11. Chromium is produced by reacting its oxide with aluminum. If 76g of Cr2O3 and 27g of Al completely react to form 51g of Al2O3, how many grams of Cr are formed?
This is a limiting reagent problem. Most are solved the same way. However, this one has a short cut you can use.
Write an equation and balance it.
Convert 51 g Al2O3 to moles. moles = grams/molar mass.
Using the coefficients in the balanced equation, convert moles Al2O3 to moles Cr.
Now convert moles Cr to grams. g = moles x molar mass.
response about what
To find the number of grams of Cr formed, we need to determine the stoichiometry of the reaction and use it to calculate the moles of Cr2O3 and Al.
First, let's write out the balanced equation for the reaction:
3 Cr2O3 + 2 Al -> 2 Al2O3 + 4 Cr
According to the equation, we need 3 moles of Cr2O3 to react with 2 moles of Al to produce 4 moles of Cr.
Next, let's calculate the number of moles of Cr2O3 and Al:
Molar mass of Cr2O3 = (2 * atomic mass of Cr) + (3 * atomic mass of O)
= (2 * 52 g/mol) + (3 * 16 g/mol)
= 152 g/mol
Molar mass of Al = atomic mass of Al
= 27 g/mol
Number of moles of Cr2O3 = Mass of Cr2O3 / Molar mass of Cr2O3
= 76 g / 152 g/mol
= 0.5 mol
Number of moles of Al = Mass of Al / Molar mass of Al
= 27 g / 27 g/mol
= 1 mol
Now, let's determine the limiting reactant. The limiting reactant is the one that is completely consumed in the reaction, which results in the formation of the maximum possible amount of the product.
From the balanced equation, we can see that 3 moles of Cr2O3 react with 2 moles of Al to produce 4 moles of Cr. Therefore, the stoichiometry ratio of Cr2O3 to Al is 3:2, or 1.5:1.
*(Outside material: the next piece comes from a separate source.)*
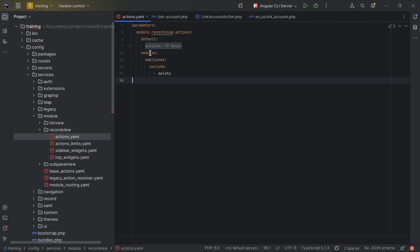As an alternative, you can also add your custom actions on the detail view defs of your module — opportunities in this case. Let's see how to add a new action configuration.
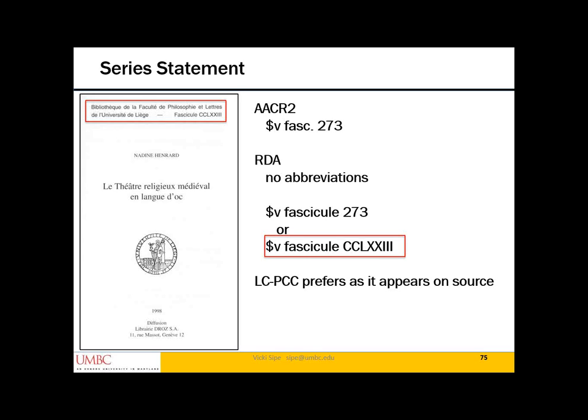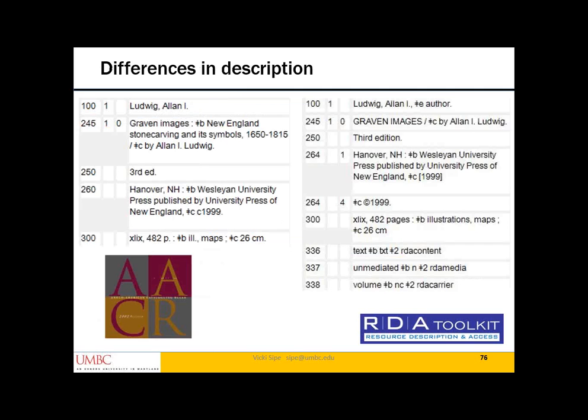The series statement is the last piece of description we'll cover. AACR2 uses abbreviations and substitutes Arabic numerals for Roman numerals. RDA uses no abbreviations and prefers the numbering as it appears on the source. So a series statement reading 'Fascicule XII' would be preferred over the AACR2 abbreviated form. Both options are valid under RDA. So far, we've discussed the variation in description caused by using different data content standards and due to options provided in RDA — different guidelines, different records.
However, in this case, we have 0.5 moles of Cr2O3 and 1 mole of Al. This means that 0.5 moles of Cr2O3 is equivalent to (1.5/1) * 0.5 = 0.75 moles of Al, which is less than the actual amount of Al available.
Therefore, Al is the limiting reactant.
Now, let's calculate the amount of Cr formed:
Number of moles of Cr = (Number of moles of Al) * (4 moles of Cr / 2 moles of Al)
= 1 mol * (4/2)
= 2 mol
Finally, let's calculate the mass of Cr:
Mass of Cr = Number of moles of Cr * Molar mass of Cr
= 2 mol * (52 g/mol)
= 104 g
Therefore, 104 grams of Cr are formed in the reaction.
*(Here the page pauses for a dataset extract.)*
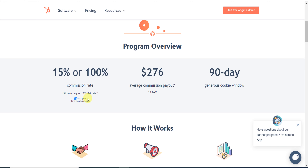The 15% recurring is valid for up to one year — every month when they renew their plan, you will get 15% commission for up to one year. If you choose the 100% flat rate, then only for the first month, whatever they pay, you will get 100%. It's your choice which program you want to join.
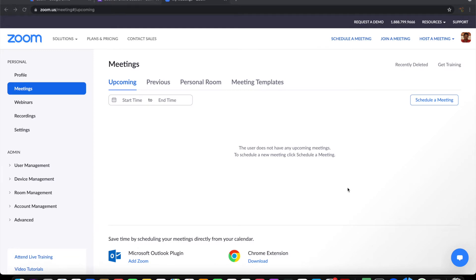Greetings from Jivrush Technologies. In this video, we are going to see how to create a Zoom meeting on submission of a Google form.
To determine the amount of chromium formed, we need to solve the problem using stoichiometry. Stoichiometry is a branch of chemistry that deals with the quantitative relationships between reactants and products in a chemical reaction.
Let's start by writing the balanced chemical equation:
2 Cr2O3 + 3 Al -> 4 Al2O3 + 4 Cr
According to the equation, 2 moles of Cr2O3 react with 3 moles of Al to produce 4 moles of Al2O3 and 4 moles of Cr.
First, we need to calculate the amount of moles for each substance involved:
Molar mass of Cr2O3 = (2 * atomic mass of Cr) + (3 * atomic mass of O)
= (2 * 52 g/mol) + (3 * 16 g/mol)
= 104 g/mol + 48 g/mol
= 152 g/mol
Molar mass of Al = 27 g/mol (given)
Molar mass of Al2O3 = (2 * atomic mass of Al) + (3 * atomic mass of O)
= (2 * 27 g/mol) + (3 * 16 g/mol)
= 54 g/mol + 48 g/mol
= 102 g/mol
Next, let's determine the moles of each substance:
Moles of Cr2O3 = Mass of Cr2O3 / Molar mass of Cr2O3
= 76 g / 152 g/mol
= 0.5 mol
Moles of Al = Mass of Al / Molar mass of Al
= 27 g / 27 g/mol
= 1 mol
Moles of Al2O3 = Mass of Al2O3 / Molar mass of Al2O3
= 51 g / 102 g/mol
= 0.5 mol
Since the molar ratio between Cr2O3 and Cr is 4:4, we can conclude that 0.5 moles of Cr2O3 will produce 0.5 moles of Cr.
Finally, we can calculate the mass of Cr formed:
Mass of Cr = Moles of Cr * Molar mass of Cr
= 0.5 mol * (atomic mass of Cr)
= 0.5 mol * 52 g/mol
= 26 g
Therefore, 26 grams of chromium (Cr) are formed in the reaction.